SANParks have prioritized the rhino poaching threat, and it’s policed in collaboration with the state security cluster, including the Hawks’ Endangered Species Specialist Unit, the South African Police and the South African National Defence Force. A total of 146 arrests have been made this year, and the Asset Forfeiture Unit is attaching the assets of poaching suspects. Three alleged poachers recently had R55 million of assets seized. Business Day however reports that there have only been 10 convictions in poaching cases to date, for a total of 111 years in jail. It’s likely the attachment of the bank accounts, farms, homes and cars of suspects not yet convicted will act as more of a deterrent to would-be poachers than the slow-turning wheels of justice.

But the sad truth is that every strategy to combat poaching has failed and the number of rhino deaths has soared in the face of demand from Vietnam, where wildlife trade monitoring network, Traffic, says the horn is used, not as an aphrodisiac, but a special gift to curry favour, to help with a hangover and a purported cancer cure.

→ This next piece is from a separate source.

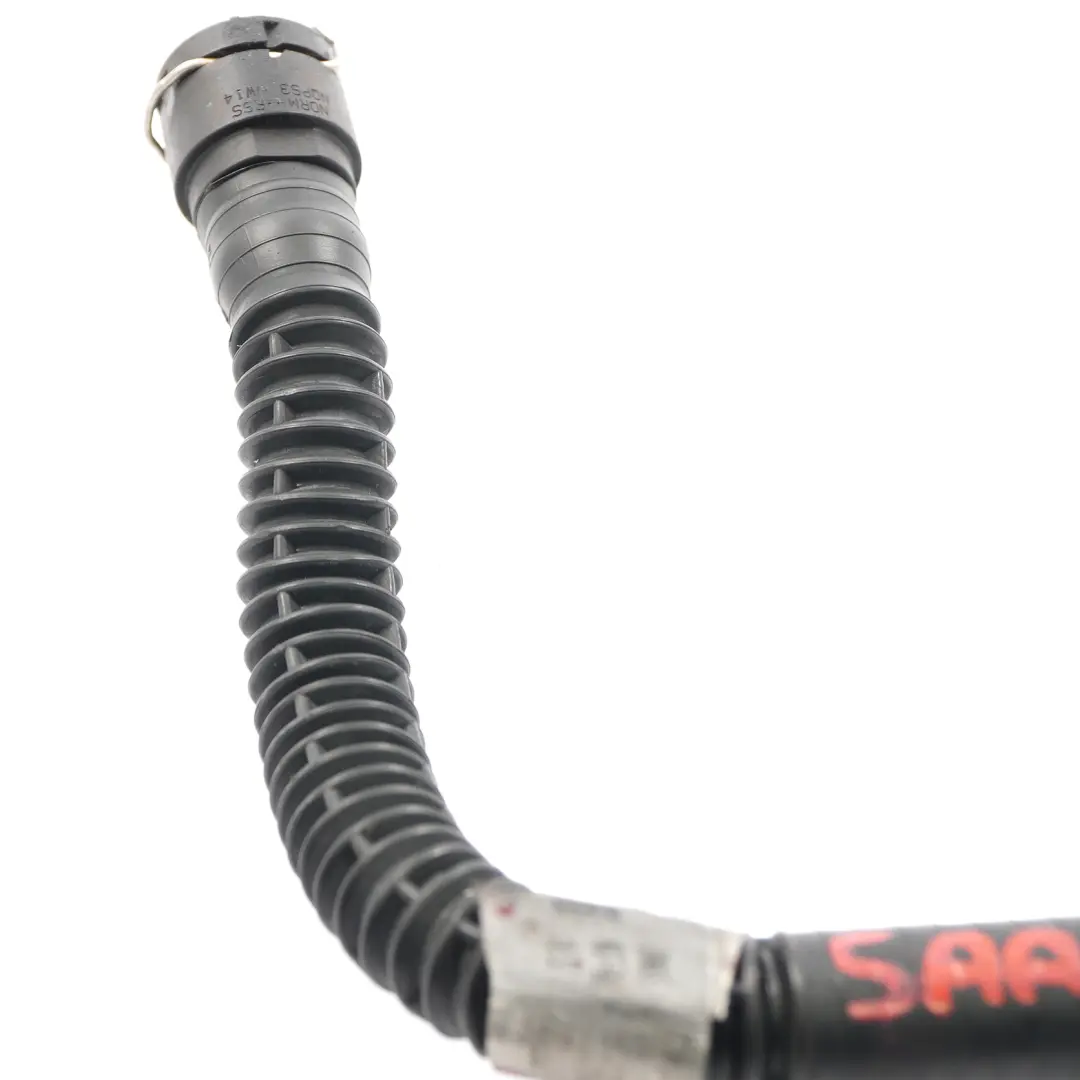 Tubo refrigerante Saab 93 9-3 1.9 Ttid Tubo flessibile del radiatore dell'olio per con numero di parte 55209777 Tubo refrigerante Saab 93 9-3 1.9 Ttid Tubo flessibile del radiatore dell'olio - SKU 55209777 - Numero di parte 55209777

Because of the ongoing CITES ban on the estimated R1,2 billion rhino horn trade, control of the industry is in the hands of organized crime. But Ezemvelo KZN Wildlife, the body that brought the white rhino back from the brink of extinction in the ‘60s, has proposed a strategy to take back the industry from the gangsters and criminals.

The idea, recently floated by CEO Bandile Mkhize involves legalizing the trade, and establishing one central rhino-horn clearing-house. Then, price and demand would be managed in the manner of the De Beers single-channel monopoly in the diamond industry, which ran through most of the 20th century. This system would work by using South Africa’s large rhino-horn stockpile to manage prices downwards and thus reduce potential profits for illegal traders. All horn would then be micro chipped, chemically profiled and certified so that no other horn could be traded. The South African team plans to present this proposal to the next CITES Conference in March 2013. Whether it’s accepted remains to be seen. But South African game is now an enormous international business, and everybody wants a part of it, from African billionaires to Vietnamese gangsters.

Home grown solutions are vital in addressing the challenges we face. South Africans have a vital part to play in preserving the African wildlife experience for all of humanity. Part of that means ensuring the keeping of game makes good financial sense for all involved.